Comment and analysis here. This reinforces the argument if there was going to be a high speed line at all, it should have started from Scotland and the North of England.

26 Jan 2013

The railways as political football

Great Central Railway Loughborough Leicestershire 26th January 2013, originally uploaded by loose_grip_99.

Few people alive will remember this striking colour scheme which was introduced when the railways were nationalised in 1948 but had disappeared by 1954. It distils the mood of post-war optimism - the belief in a better future after the austerity years. The engineers of the time were both forward-looking and backwards-looking. The colour scheme was a revival of the Caledonian Railways livery previously last seen in 1923, and it actually popped up again in 1960 when the Glasgow suburban railways were electrified. The trouble with the blue, and the red and cream colour scheme for the carriages, was that it needed attention which was not forthcoming in the post-war years of labour shortage. So the blue was replaced by a dark green and the carriages went into maroon, a dignified though muted scheme which was enhanced by a heraldic badge. It all seems very distant now, when colour schemes are devised by public relations companies and applied as stick-on vinyls.

But the post-war railways were not a stick-in-the-mud outfit. There were experiments with diesel traction both for local and main line use. British Railways was a pioneer in the development of the now standard 25kV 50Hz system of electrification, with the conversion of three old trains fitted with amongst the very first solid state high power rectifiers, made of germanium, a rare and expensive element. A coherent modernisation scheme was put together, with the aim of electrifying all the main lines and the busier suburban routes and using diesel-electric traction as a stop-gap. Rail-buses were to be used on routes with light traffic. To give an indication of the rate of change, it was expected that steam traction would finally disappear in the mid-1980s, and so construction continued until 1960.

As things turned out, it was all very different. The railways became a political football. The evolutionary approach was abandoned. Under government pressure, the railways were instructed to order, in large numbers, diesel types intended for pilot-scale testing. Whole fleets suffered from the inevitable teething troubles. Modern, almost new steam locomotives went for scrap. Main line electrification proceeded slowly. The railways were stuck with diesels. The line from London to Edinburgh was not completed until 1992, and electrification of the Great Western main line is only now beginning. There are no current plans to electrify other important routes such as the Great Western line from London to Birmingham and Bristol to Birmingham.
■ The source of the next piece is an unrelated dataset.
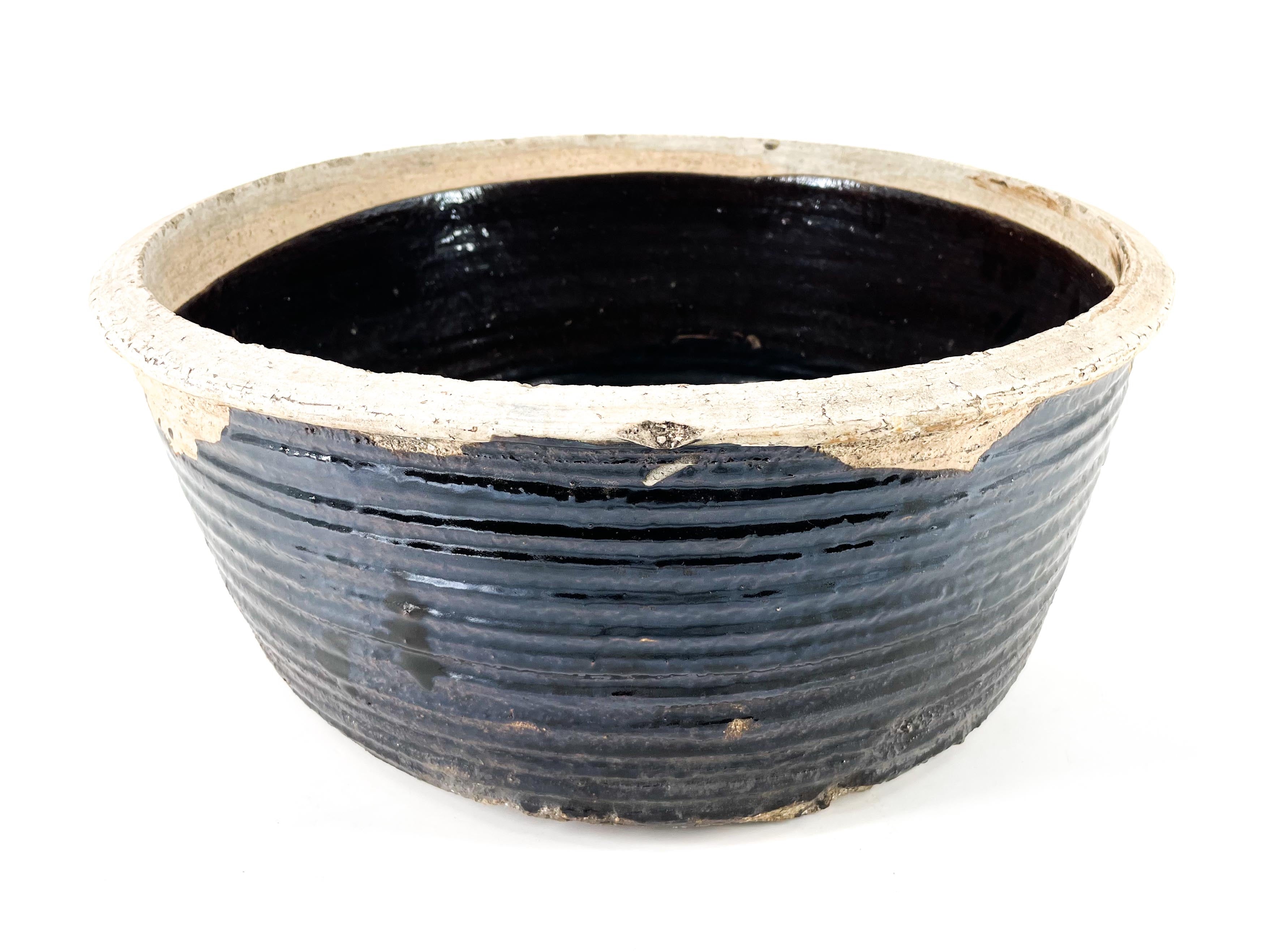 large antique black bowl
Then came Beeching and a huge trimming back of the system, the un-wisdom of which is only now being recognised.

Of course the subsequent story is not all bad. There have been some successes: the long-lived HST, not my favourite train but it has done sterling service. The BREL development of the International Train, which unfortunately did not become a standard. And the much maligned Leyland railbus - which has also given 25 years of useful work on secondary routes which, when the bottom line is all that matters, would have probably lost their services altogether

25 Jan 2013

How much innovation?

How fast should railways innovate? The Advanced Passenger Train came about when British Rail imported a team of engineers from the aerospace industry. As an experimental project it was a success. But the aim was to introduce these trains into fleet operation. Fortunately a group of old school BR engineers had their own ideas of pushing mature technology just a little and were not prevented from pursuing them. The result was the HST and still no-one has actually got an effective replacement into service. And the HST itself had its share of teething troubles which went on for years.

But if we relied on only ever building what was safe from any risk then we'd be running a railway which didn't look much different from that in the 60's. Or would we?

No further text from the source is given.